▶ Problem to work on:
Only the lines from the one containing "PPF Factory Patek" through the end of the material should be printed, exactly as they appear. Leave out pictures.

▶ Provided data:
┄┄┄┄┄┄┄┄┄┄

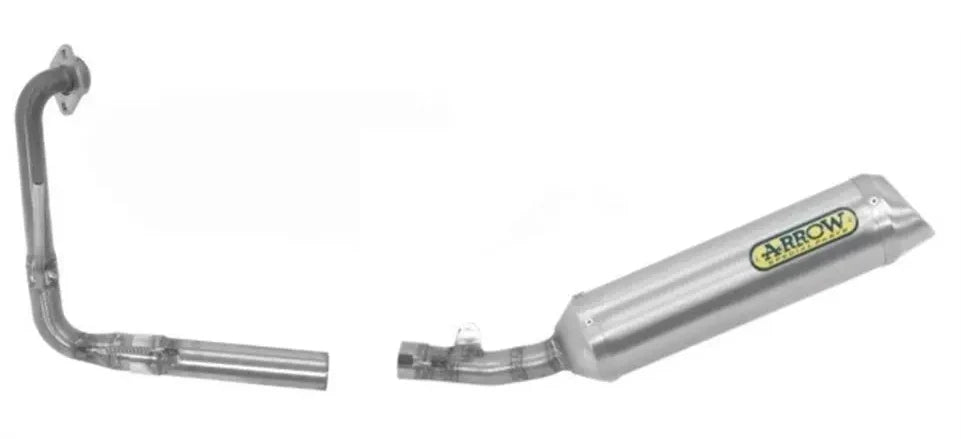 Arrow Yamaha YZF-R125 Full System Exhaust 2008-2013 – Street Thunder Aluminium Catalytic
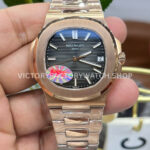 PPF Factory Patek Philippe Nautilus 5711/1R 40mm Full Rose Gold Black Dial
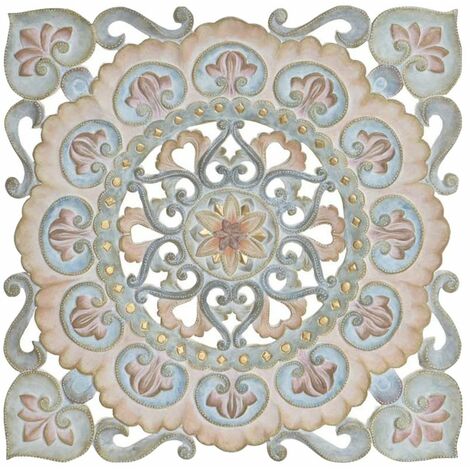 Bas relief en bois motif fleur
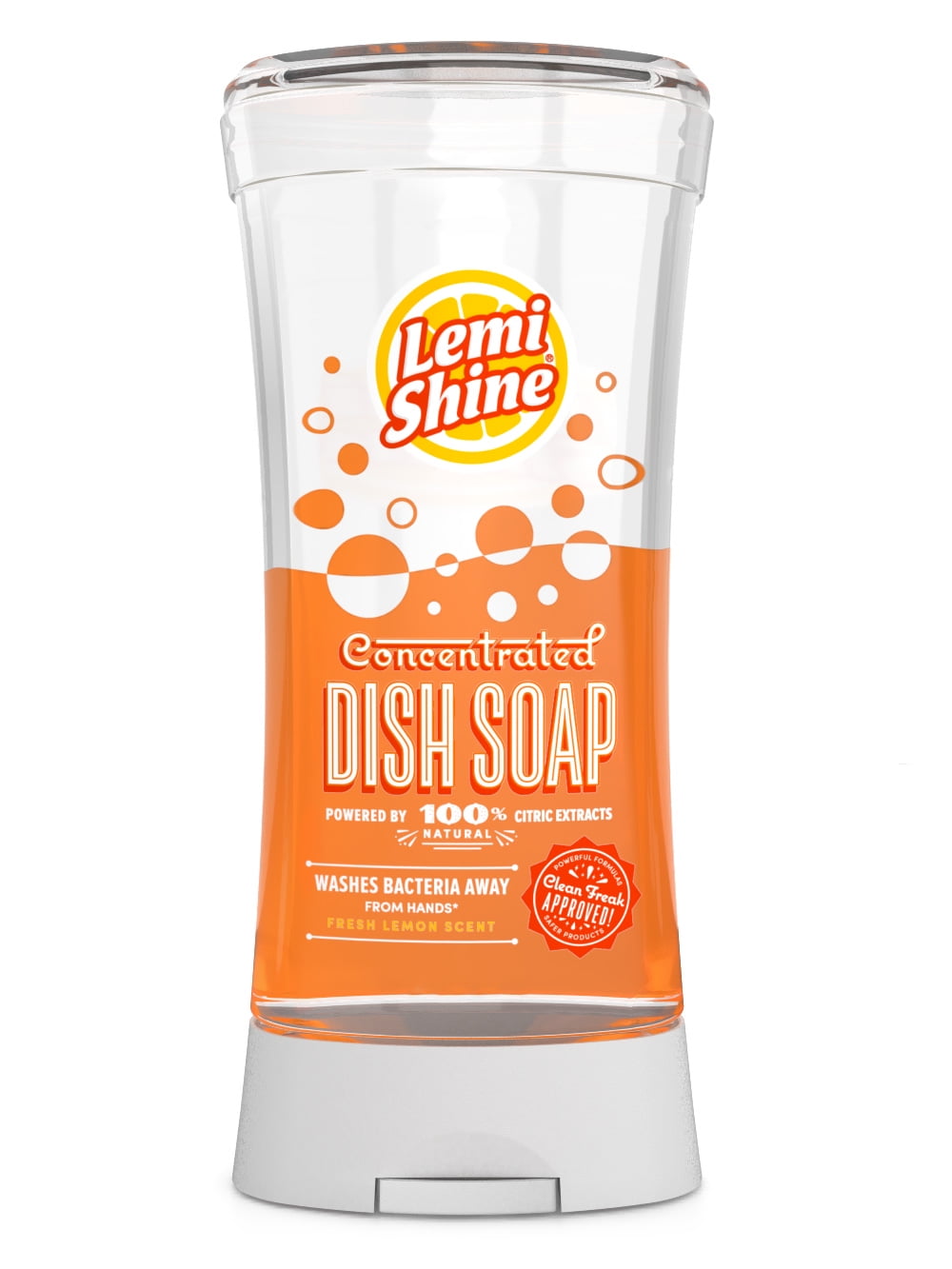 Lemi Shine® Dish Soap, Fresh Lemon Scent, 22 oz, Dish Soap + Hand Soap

┄┄┄┄┄┄┄┄┄┄

▶ Output of the exercise:
 PPF Factory Patek Philippe Nautilus 5711/1R 40mm Full Rose Gold Black Dial
 Bas relief en bois motif fleur
 Lemi Shine® Dish Soap, Fresh Lemon Scent, 22 oz, Dish Soap + Hand Soap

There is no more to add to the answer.